### YOUR OBJECTIVE
Quote all of the data that follows exactly as written, skipping the images.

### DATASET RECORDS

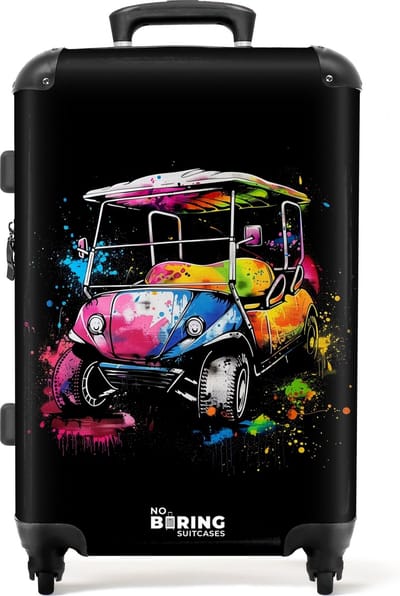 NoBoringSuitcases.com® - Koffer groot - Rolkoffer lichtgewicht - Golfkar met graffiti - Reiskoffer met 4 wielen - Grote trolley XL - 20 kg bagage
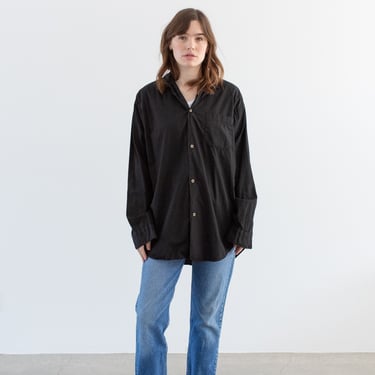 Vintage Black Long Sleeve Shirt | Simple Blouse | 100% Cotton Work Shirt | L | BLS003 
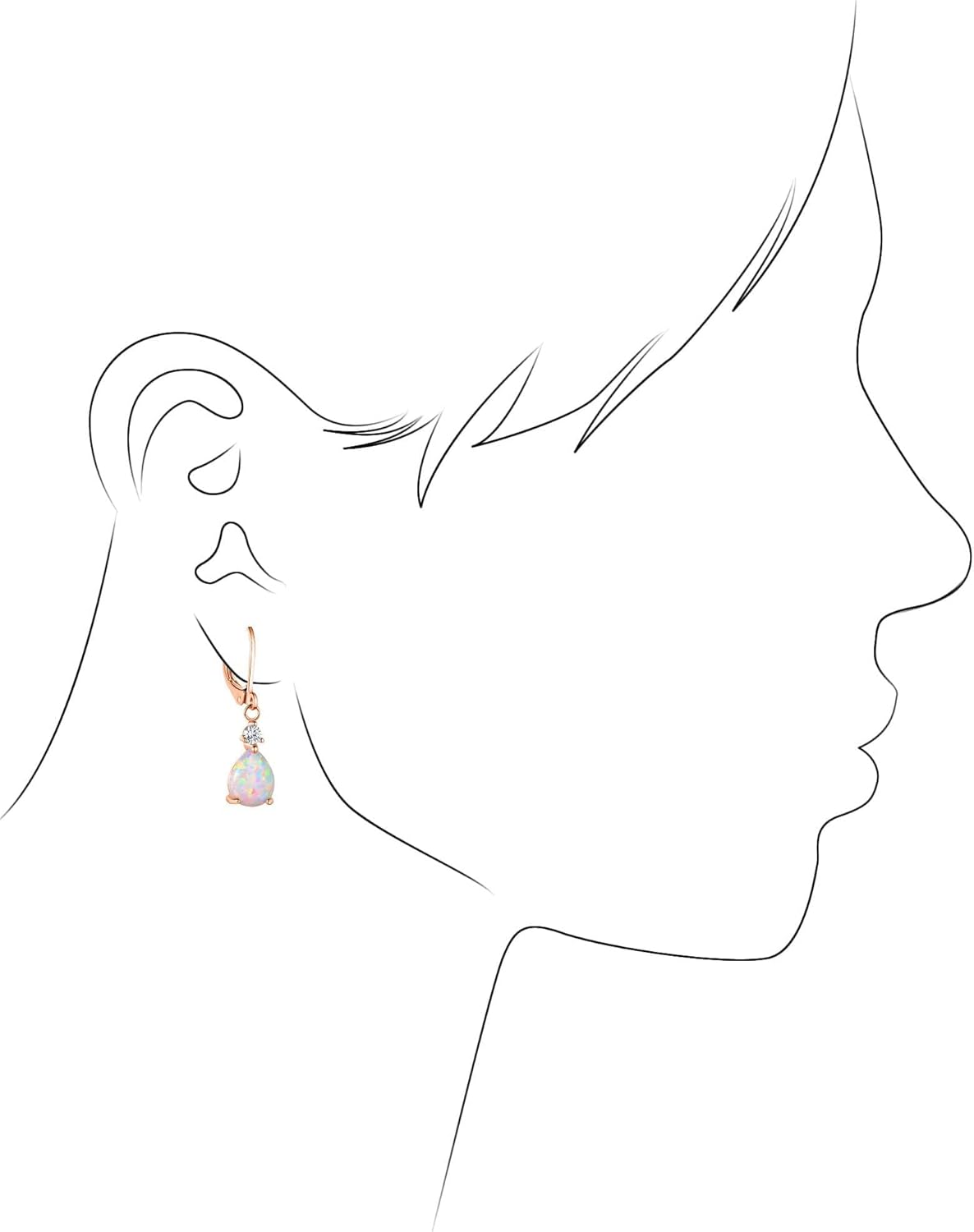 GEMSME White Gold Plated Teardrop Opal Dangle Earrings For Women - Image 4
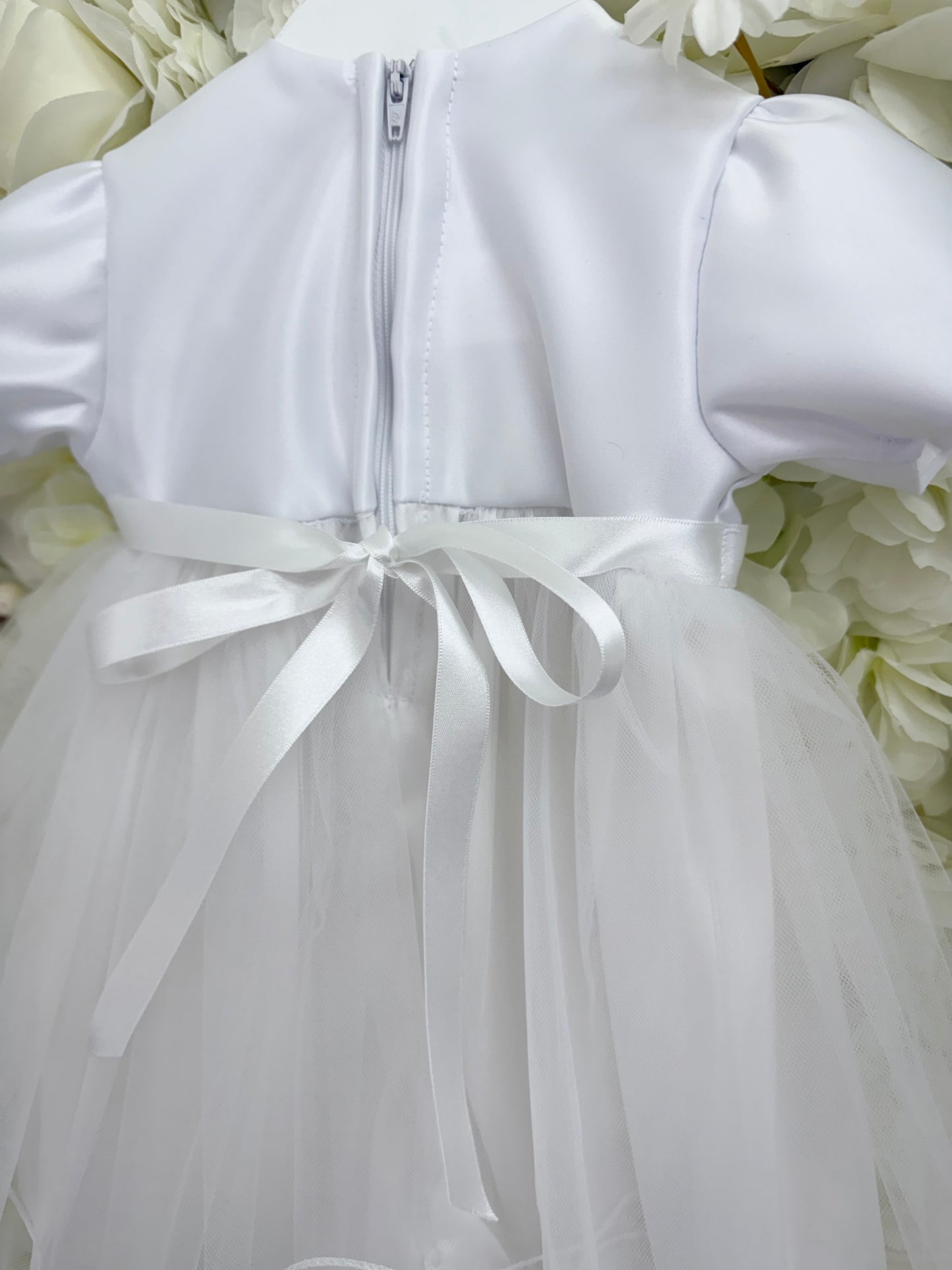 Diamonte Bow Christening Dress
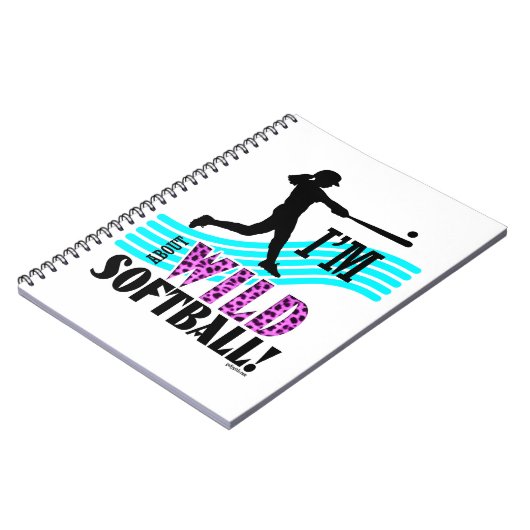 女の子: 私はソフトボールについて野生です ノートブック (左側)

### YOUR RESPONSE
 NoBoringSuitcases.com® - Koffer groot - Rolkoffer lichtgewicht - Golfkar met graffiti - Reiskoffer met 4 wielen - Grote trolley XL - 20 kg bagage
 Vintage Black Long Sleeve Shirt | Simple Blouse | 100% Cotton Work Shirt | L | BLS003 
 GEMSME White Gold Plated Teardrop Opal Dangle Earrings For Women - Image 4
 Diamonte Bow Christening Dress
 女の子: 私はソフトボールについて野生です ノートブック (左側)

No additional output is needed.